> **ACTIVITY**
Below are some records. Retype exactly the lines from the one containing "Lara Enameled Necklace" through the one containing "Pink & White Knitted Set", both included, skipping every picture.

───── THE INPUT ─────

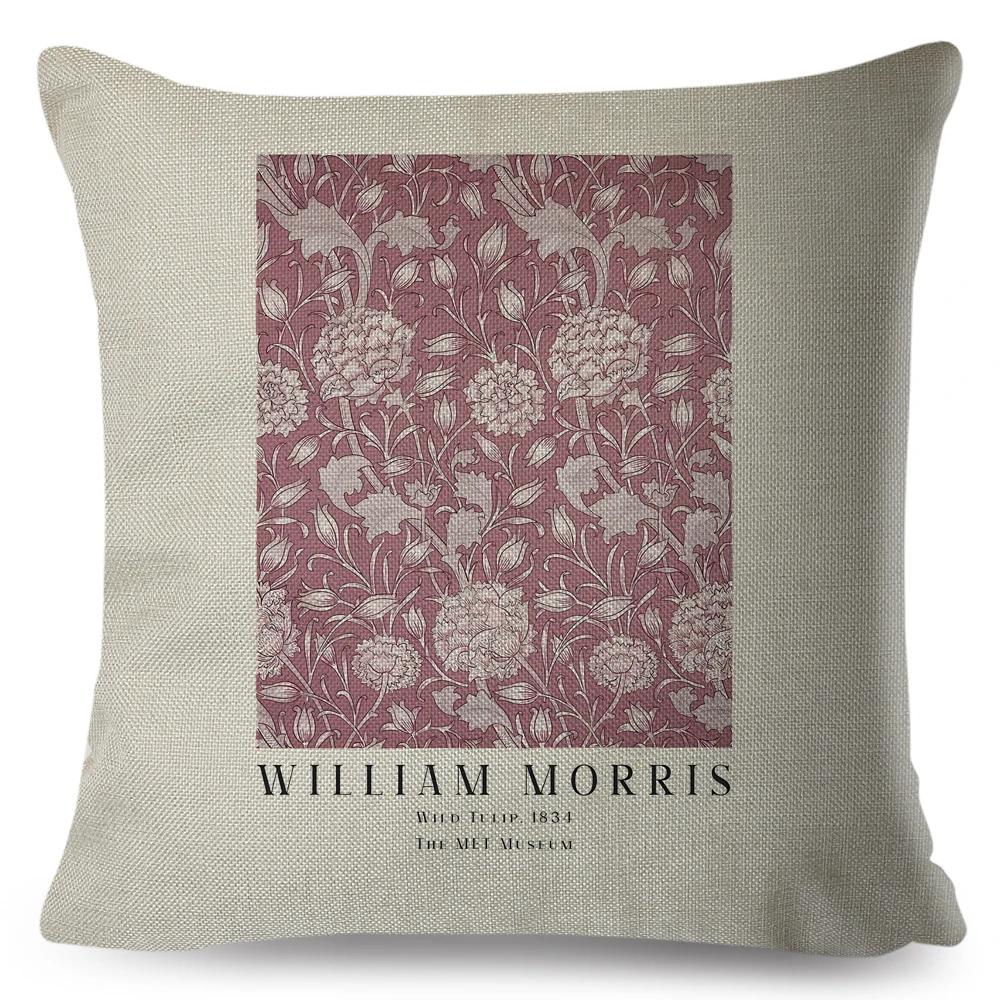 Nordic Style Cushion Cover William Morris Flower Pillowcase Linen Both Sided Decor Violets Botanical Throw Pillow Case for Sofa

─────
───── THE INPUT ─────

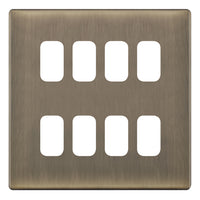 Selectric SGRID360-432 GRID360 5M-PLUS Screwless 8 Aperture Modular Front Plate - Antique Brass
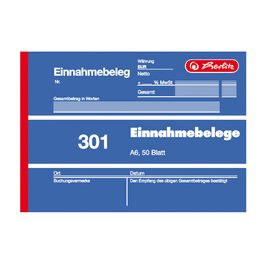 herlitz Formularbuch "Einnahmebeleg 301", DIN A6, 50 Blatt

─────
───── THE INPUT ─────

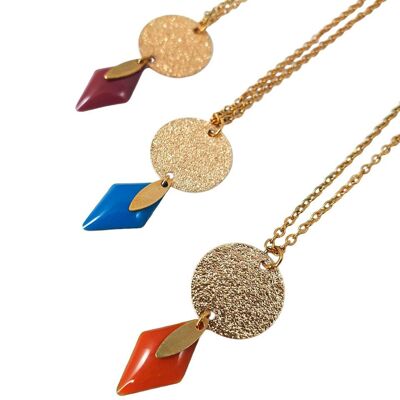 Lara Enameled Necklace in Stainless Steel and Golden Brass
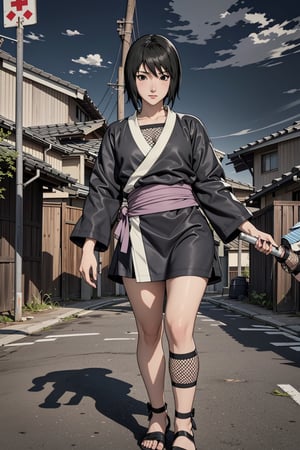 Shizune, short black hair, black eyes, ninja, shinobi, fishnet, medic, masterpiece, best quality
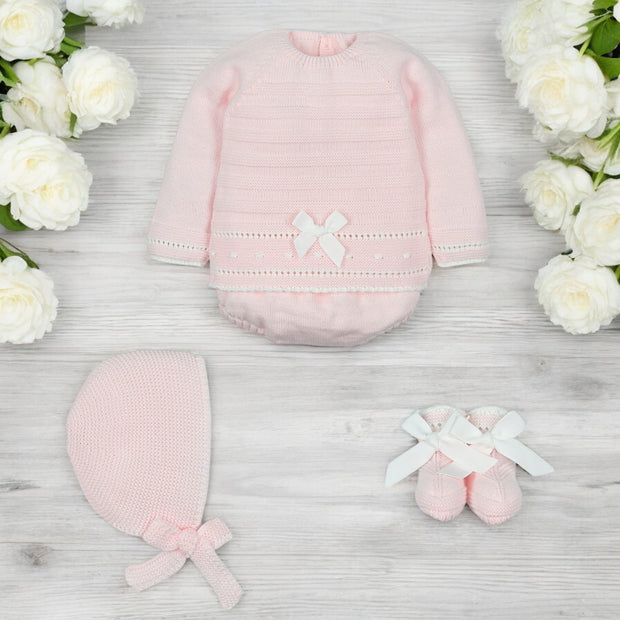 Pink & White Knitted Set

─────

> **YOUR SOLUTION**
 Lara Enameled Necklace in Stainless Steel and Golden Brass
 Shizune, short black hair, black eyes, ninja, shinobi, fishnet, medic, masterpiece, best quality
 Pink & White Knitted Set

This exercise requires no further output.